Coastal Community Foundation receives $1M from Facebook for grantmaking to Black communities and Black-led nonprofits

Earlier this year, we announced that Coastal Community Foundation would be taking bold action to address racial injustice and inequities across our region. In addition to ongoing work through our advocacy, investment, grantmaking and scholarship programs, we are pleased to announce a new partnership today with Facebook that significantly advances our goal to create more equitable communities.

CCF is one of 20 community foundations in the United States to receive $1 million from Facebook to manage grantmaking programs supporting Black communities and Black-led nonprofits. CCF will award funds over two years to nonprofit organizations and programs in Berkeley, Charleston and Dorchester counties supporting innovation, creativity, and resiliency in Black communities. Preference will be given to Black-led organizations.

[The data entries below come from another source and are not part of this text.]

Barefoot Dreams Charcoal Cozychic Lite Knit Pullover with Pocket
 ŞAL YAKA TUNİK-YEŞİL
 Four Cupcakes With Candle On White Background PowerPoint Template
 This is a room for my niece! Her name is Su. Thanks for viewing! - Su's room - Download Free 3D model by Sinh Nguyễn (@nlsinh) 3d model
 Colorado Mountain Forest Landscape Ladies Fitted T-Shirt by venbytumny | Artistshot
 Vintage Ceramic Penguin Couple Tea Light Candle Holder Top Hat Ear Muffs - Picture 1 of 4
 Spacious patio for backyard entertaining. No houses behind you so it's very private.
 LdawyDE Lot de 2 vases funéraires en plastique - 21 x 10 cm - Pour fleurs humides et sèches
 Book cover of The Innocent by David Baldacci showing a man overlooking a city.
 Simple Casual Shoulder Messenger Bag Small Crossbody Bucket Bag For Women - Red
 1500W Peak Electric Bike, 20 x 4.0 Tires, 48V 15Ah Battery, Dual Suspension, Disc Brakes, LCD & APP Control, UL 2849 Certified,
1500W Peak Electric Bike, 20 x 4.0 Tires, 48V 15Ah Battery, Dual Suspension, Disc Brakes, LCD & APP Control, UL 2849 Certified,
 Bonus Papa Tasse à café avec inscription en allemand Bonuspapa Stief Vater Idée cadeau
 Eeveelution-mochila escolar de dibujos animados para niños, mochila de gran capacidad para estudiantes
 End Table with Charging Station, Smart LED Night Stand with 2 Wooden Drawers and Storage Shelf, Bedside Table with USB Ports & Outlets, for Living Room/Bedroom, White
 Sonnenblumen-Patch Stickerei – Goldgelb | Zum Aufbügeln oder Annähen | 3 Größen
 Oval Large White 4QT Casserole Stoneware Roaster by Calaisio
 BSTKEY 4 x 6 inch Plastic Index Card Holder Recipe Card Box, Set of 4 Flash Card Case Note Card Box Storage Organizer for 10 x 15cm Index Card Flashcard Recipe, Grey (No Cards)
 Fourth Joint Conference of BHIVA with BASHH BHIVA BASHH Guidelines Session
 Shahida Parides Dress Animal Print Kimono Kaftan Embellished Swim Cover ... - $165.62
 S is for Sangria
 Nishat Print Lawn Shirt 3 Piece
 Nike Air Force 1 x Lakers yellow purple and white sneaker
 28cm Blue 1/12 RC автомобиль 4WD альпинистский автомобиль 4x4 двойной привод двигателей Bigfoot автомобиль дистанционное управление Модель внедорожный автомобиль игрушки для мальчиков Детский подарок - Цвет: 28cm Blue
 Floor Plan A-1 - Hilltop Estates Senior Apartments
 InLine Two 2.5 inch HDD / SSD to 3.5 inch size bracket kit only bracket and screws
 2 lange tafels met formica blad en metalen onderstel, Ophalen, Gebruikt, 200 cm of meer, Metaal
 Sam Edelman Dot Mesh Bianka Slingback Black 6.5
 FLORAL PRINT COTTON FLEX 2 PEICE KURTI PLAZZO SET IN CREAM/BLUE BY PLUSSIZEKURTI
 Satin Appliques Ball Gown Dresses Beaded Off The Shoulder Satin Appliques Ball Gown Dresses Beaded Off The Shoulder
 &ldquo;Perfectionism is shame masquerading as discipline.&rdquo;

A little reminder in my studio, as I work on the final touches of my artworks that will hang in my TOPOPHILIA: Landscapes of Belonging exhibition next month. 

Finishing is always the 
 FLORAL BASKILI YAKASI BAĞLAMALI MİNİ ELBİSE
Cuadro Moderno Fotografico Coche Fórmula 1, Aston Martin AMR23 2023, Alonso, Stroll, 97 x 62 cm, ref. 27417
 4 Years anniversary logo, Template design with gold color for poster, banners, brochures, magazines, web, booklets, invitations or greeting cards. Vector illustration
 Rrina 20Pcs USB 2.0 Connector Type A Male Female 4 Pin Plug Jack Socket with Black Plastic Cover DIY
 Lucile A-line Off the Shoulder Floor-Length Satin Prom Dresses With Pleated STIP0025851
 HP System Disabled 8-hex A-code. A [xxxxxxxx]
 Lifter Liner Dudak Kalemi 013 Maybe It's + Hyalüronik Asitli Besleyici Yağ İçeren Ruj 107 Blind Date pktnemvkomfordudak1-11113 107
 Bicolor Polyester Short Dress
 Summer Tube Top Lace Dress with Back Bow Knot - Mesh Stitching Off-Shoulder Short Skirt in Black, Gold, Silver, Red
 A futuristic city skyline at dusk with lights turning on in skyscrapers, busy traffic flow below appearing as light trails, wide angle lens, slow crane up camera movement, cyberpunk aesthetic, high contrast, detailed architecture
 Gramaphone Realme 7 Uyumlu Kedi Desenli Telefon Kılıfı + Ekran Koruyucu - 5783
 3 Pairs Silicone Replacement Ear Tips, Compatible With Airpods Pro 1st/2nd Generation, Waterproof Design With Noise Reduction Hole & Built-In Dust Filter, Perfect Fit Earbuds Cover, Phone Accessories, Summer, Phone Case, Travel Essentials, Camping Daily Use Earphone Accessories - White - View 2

CCF uses the Association of Black Foundation Executives’ definition of a Black-led organization: an organization with a primarily Black Board of Directors, executive leadership and/or staff, and that primarily serves Black people.

Funds from the Facebook grant will also support these four specific initiatives:

  • The Lowcountry Unity Fund of Coastal Community Foundation — a grantmaking program established after the Emanuel AME Church massacre that supports efforts in Berkeley, Charleston and Dorchester counties that advance racial equity or that address structural racism.
  • The N.E.W. (Neighborhoods Energized to Win) Fund of Coastal Community Foundation — a grantmaking program created in 1991 to support low-to-moderate income neighborhood groups in the Lowcountry that address key issues in the neighborhoods and strengthen residents’ leadership skills.
  • Institutional support for Black-led nonprofits — collaborate on a new targeted effort with regional institutions aimed at capacity-building and lending structural support to organizations and grassroots efforts led by people of color.
  • Black Giving Circle — seed funding to create an endowed fund at Coastal Community Foundation for Black-led giving.

“To be chosen as a leading, equity-centered organization in the United States trusted with managing this new program is a high honor for our organization,” said Darrin Goss, president and CEO of Coastal Community Foundation. “But more than anything, it should signal to Black-led organizations that have too often been overlooked that a new era has in fact begun. We should expect to see many more corporations following the lead of Facebook, to support the vibrant work already happening in our communities to make our world more just and more equitable.”

“We’re excited to work with Coastal Community Foundation to help bring much needed funding to nonprofits that are serving and supporting the Black community in the Charleston region,” said Marcy Scott Lynn, Director of Global Impact Partnerships at Facebook. “We’re providing funding directly to Coastal Community Foundation to build on their track record of supporting Black-led nonprofits and ensure that people locally are making the decisions about where these dollars are most needed and can have the most impact.”